Ralph Lauren is finally out of hot water with the U.S. Department of Justice and Securities and Exchange Commission–and all it took was paying a $1.6 million fine.
The retailer was accused of violating the Foreign Corrupt Practices Act when a manager at its subsidiary in Argentina bribed government officials in order to avoid inspection and customs requirements between 2005 and 2009, New York Times is reporting. The bribes, sometimes in the form of gifts like perfume, dresses, and handbags, bought the paperwork–faked by a customs clearance agency–needed to clear customs and, at times, to avoid inspection altogether. The bribes eventually totaled $593,000.
To settle those claims, Ralph Lauren has paid $882,000 to the U.S. Department of Justice and nearly $735,000 to the Securities and Exchange Commission–or around $1.6 million in total.
It sounds like a lot of money, but actually it’s kind of a plum deal for Ralph Lauren since it was able to avoid prosecution altogether. According to WWD this is the first time the SEC and the Justice Department (in the eastern district of New York) has struck a non-prosecution deal with an entity found in violation of the Foreign Corrupt Practices Act.
The leniency comes as a reward to Ralph Lauren for cooperating with the investigation–even though the company had a notable absence of any sort of anticorruption program and failed to train its Argentinian subsidiary on anticorruption standards.
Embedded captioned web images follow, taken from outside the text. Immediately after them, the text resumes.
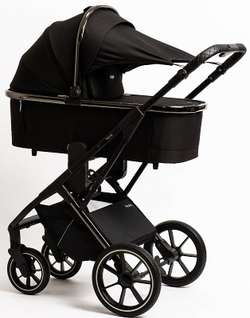 Детская коляска Peppy Tecla 3 в 1 с автокреслом Verona Black Shadow Black Chrome Edition Черный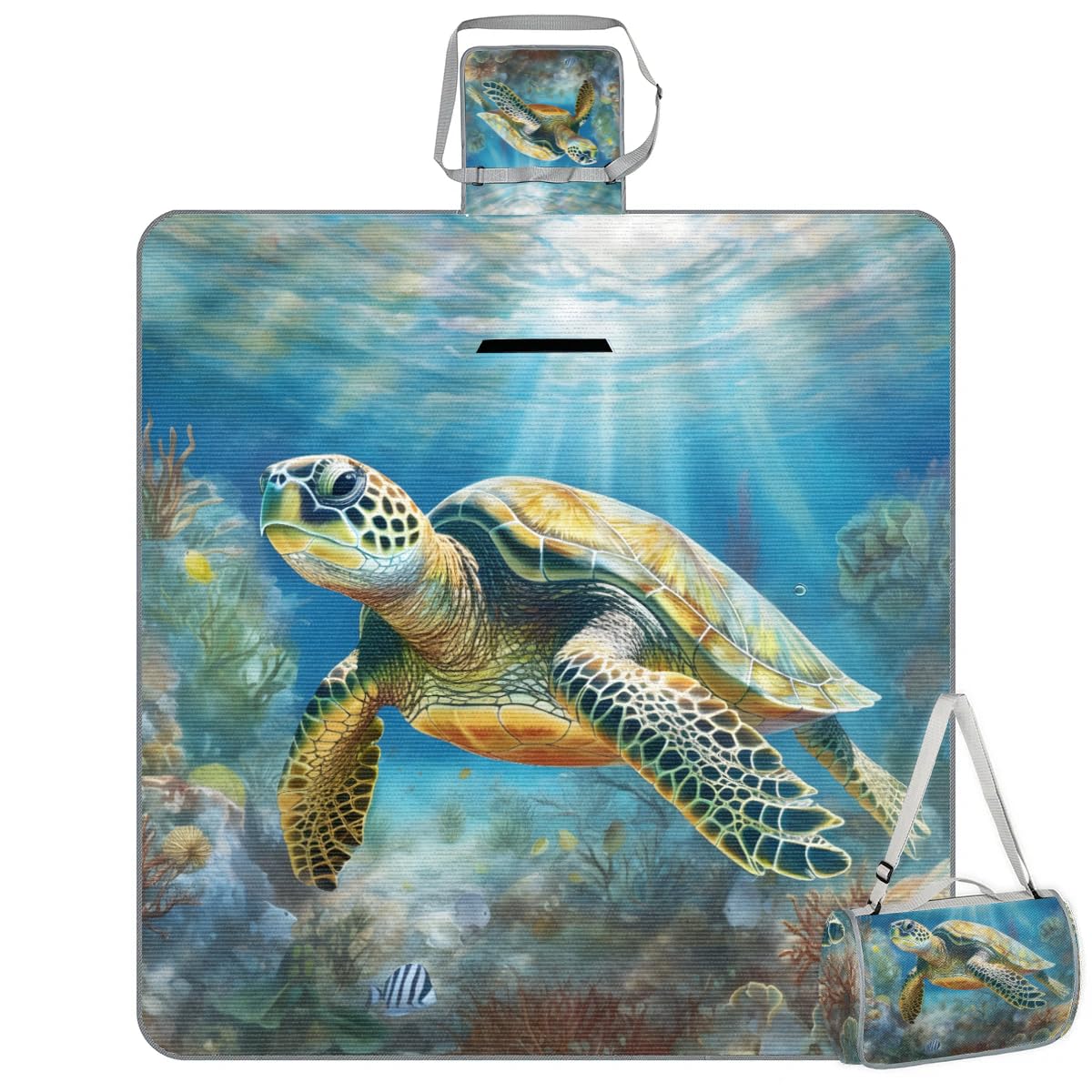 Manta de picnic de 150 x 145 cm, manta de playa plegable para exteriores, manta impermeable para playa, camping, senderismo, picnic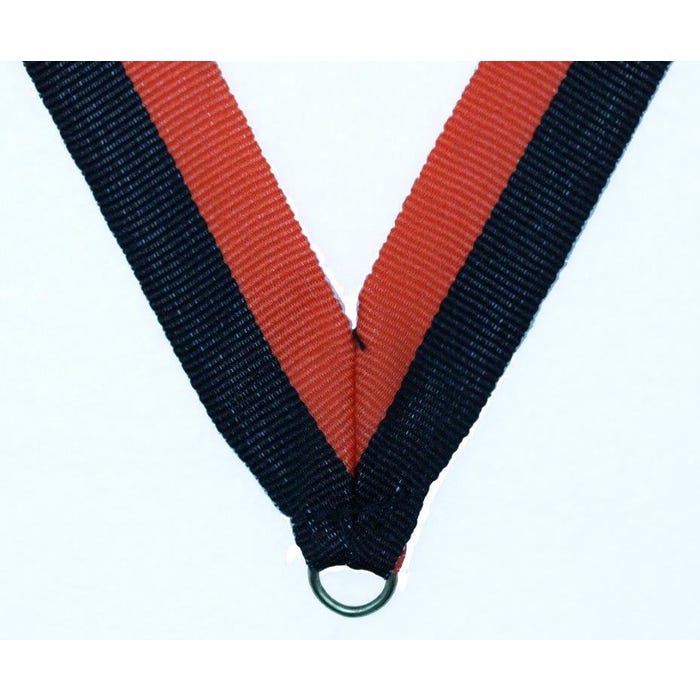 Neck Ribbon, 7/8 x 32 Inches, Black/Orange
It also helps that Ralph Lauren was actually the one to notify the agencies.
“When these issues surfaced at our subsidiary in Argentina, we took immediate action to hire outside counsel and forensic specialists to conduct an internal investigation and reported the matter directly to both the U.S. Department of Justice and the Securities and Exchange Commission,” said a spokesman for Ralph Lauren. “We fully cooperated in the ensuing investigations and conducted a worldwide risk assessment.…There was no evidence that the improper activity in Argentina was known or authorized by anyone outside of Argentina or that similar practices were occurring at other foreign operations.”
In addition to the fines, the retailer has beefed up its “compliance program and training and severed relationships with all responsible vendors.” According to Times, the retailer has closed its operations in Argentina, a country which is known for its unusually strict import controls.
“I’m pleasantly surprised and impressed that RLC got ahead of this and headed off far more serious consequences,” Jonathan Fee, a Washington-based international trade law specialist with the law firm of Alston & Bird, told WWD. “Other FCPA targets haven’t been as good at stemming the bleeding.”